L’episodio degli abusi sessuali riguarda il medico Luigi Carizzone, all’epoca dirigente del Dipartimento di Salute Mentale dell’Asl di Caserta (oggi in quiescenza).

Secondo quanto ricostruito sulla base di un’intercettazione telefonica, risalente al 28 settembre 2019, avrebbe fatto pressioni su una sua paziente affinché non rivelasse a nessuno quello che era successo tra loro nel suo studio.

Le espressioni usate dal Carizzone non lasciano spazio a dubbi sulle attenzioni che ha rivolto alla sua paziente durante una sua ebbrezza sessuale” ha scritto il gip nell’ordinanza.

Carizzone è accusato anche di aver intascato tangenti e di aver indirizzato i pazienti dell’Asl verso due centri privati di riabilitazione psichiatrica, formalmente di proprietà di altre persone, ma secondo gli inquirenti suoi e gestiti tramite prestanomi.

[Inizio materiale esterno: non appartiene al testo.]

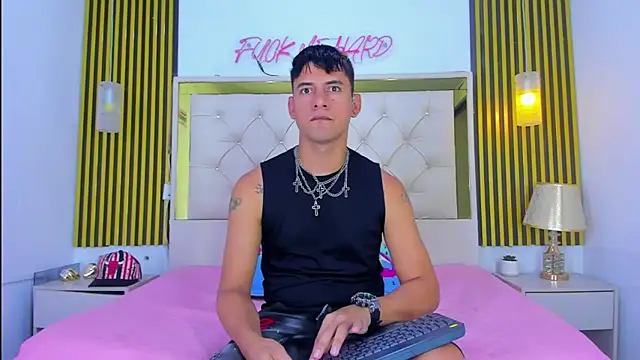 KEVIN MCKINLEY online show from 11/25/25, 12:10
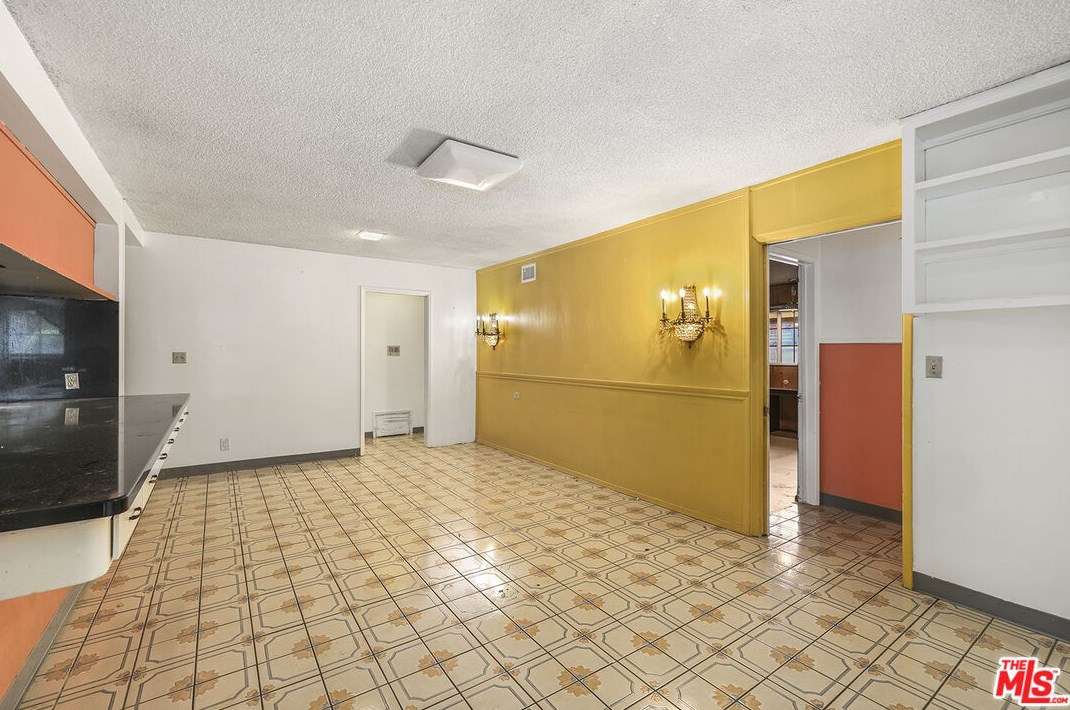 1216 Riv Ln, Santa Ana CA 92706-1425 exterior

All’inizio della telefonata la donna dice di avere preso le medicine, altro particolare che ha confermato il rapporto medico-paziente tra i due. Subito dopo, il professionista le chiede (argomento che occuperà praticamente tutta la telefonata) di non parlare a nessuno di “quei giochini che abbiamo fatto“. La donna lo rassicura e gli chiede se vuole parlare con la madre, ma il medico prosegue: “No, voglio parlare con te, per cucirti la bocca“.

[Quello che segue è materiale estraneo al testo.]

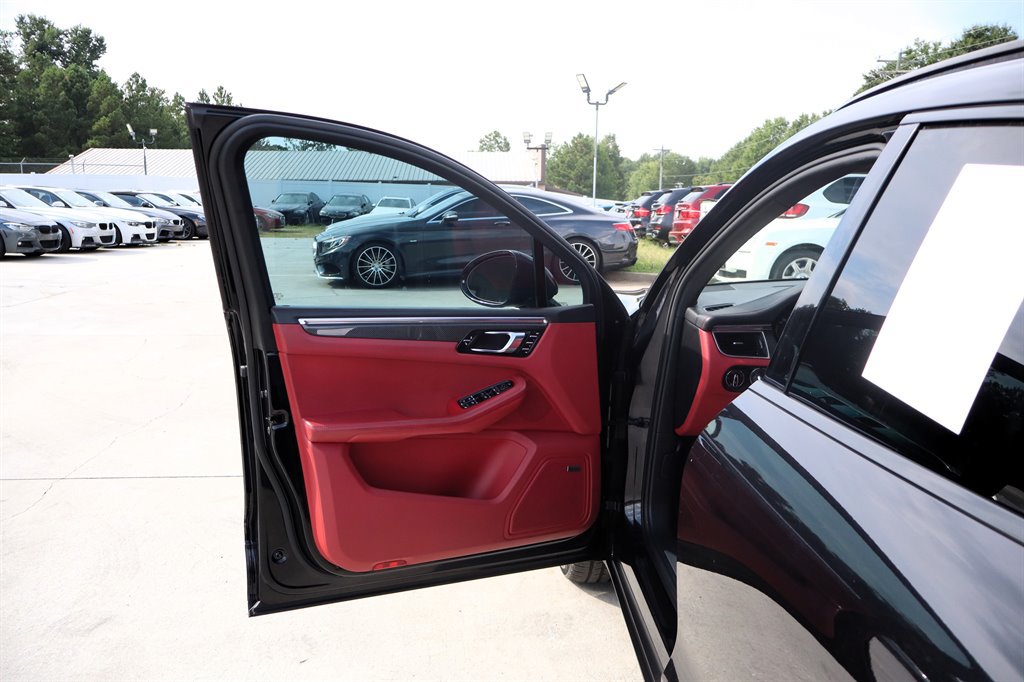 Used 2015 Porsche Macan S AWD/4WD image 52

La sua preoccupazione, a quanto si evince, è che la paziente menzioni quanto successo con una sua collaboratrice, che è anche la sua amante e che probabilmente gli avrebbe fatto una scenata.

Non ci sarebbe stata costrizione fisica ma, rilevano gli inquirenti, le condizioni di salute della vittima ne avrebbero fatto “un soggetto certamente debole, facilmente condizionabile e ovviamente non libero nel proprio consenso“.